→ PROBLEM DETAILS
Could you set down the records below exactly as they are, with no pictures?

[[ DATA FOR PROCESSING open ]]

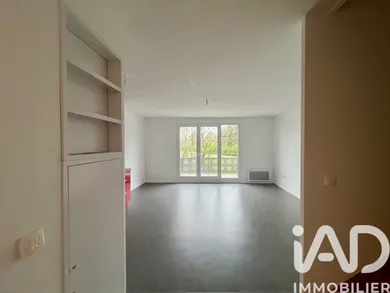 Duplex in Thiverval-Grignon (78850)
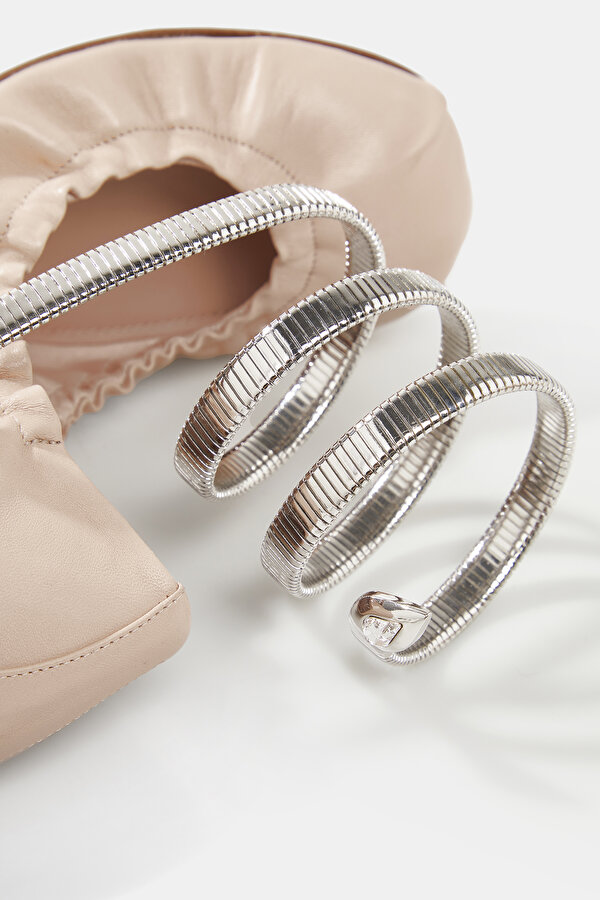 BEIGE FLAT SHOES 6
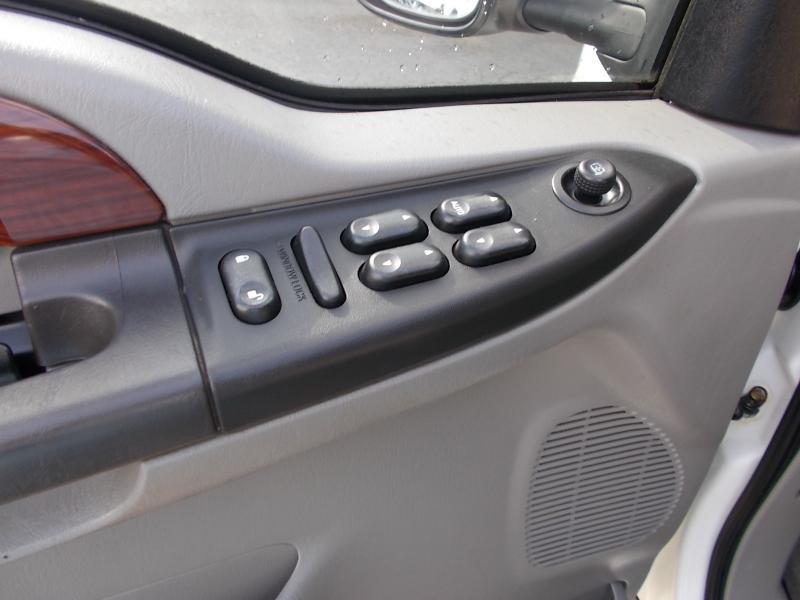 Ford Super Duty F-350 DRW Crew Cab 172" Lariat 4WD 2006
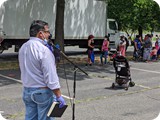 Pastor Gustavo (MBC) preaches during food distribution - Jun 2020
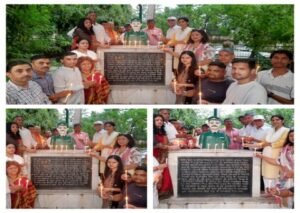 हल्द्वानी27जुलाई26*एक समाज श्रेष्ठ समाज संस्था ने कारगिल विजय दिवस पर शहीदों को कैंडल जलाकर श्रद्धांजलि दी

[[ DATA FOR PROCESSING closed ]]

→ ANSWER BOX
 Duplex in Thiverval-Grignon (78850)
 BEIGE FLAT SHOES 6
 Ford Super Duty F-350 DRW Crew Cab 172" Lariat 4WD 2006
 Pastor Gustavo (MBC) preaches during food distribution - Jun 2020
 हल्द्वानी27जुलाई26*एक समाज श्रेष्ठ समाज संस्था ने कारगिल विजय दिवस पर शहीदों को कैंडल जलाकर श्रद्धांजलि दी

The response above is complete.